- _Required work_
Your reply must contain exactly the lines running from the one with "COMME des GARCONS" to the last line of the entries below, both included, and no other lines.

Saved data entries:
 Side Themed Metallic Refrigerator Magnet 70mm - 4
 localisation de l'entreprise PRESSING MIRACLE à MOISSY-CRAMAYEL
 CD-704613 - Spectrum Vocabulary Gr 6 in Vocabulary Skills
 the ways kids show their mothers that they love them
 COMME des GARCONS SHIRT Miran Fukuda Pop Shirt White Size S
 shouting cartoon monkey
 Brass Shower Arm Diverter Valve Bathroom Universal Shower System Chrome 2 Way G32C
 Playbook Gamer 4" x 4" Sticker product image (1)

- _Answer to the exercise_
 COMME des GARCONS SHIRT Miran Fukuda Pop Shirt White Size S
 shouting cartoon monkey
 Brass Shower Arm Diverter Valve Bathroom Universal Shower System Chrome 2 Way G32C
 Playbook Gamer 4" x 4" Sticker product image (1)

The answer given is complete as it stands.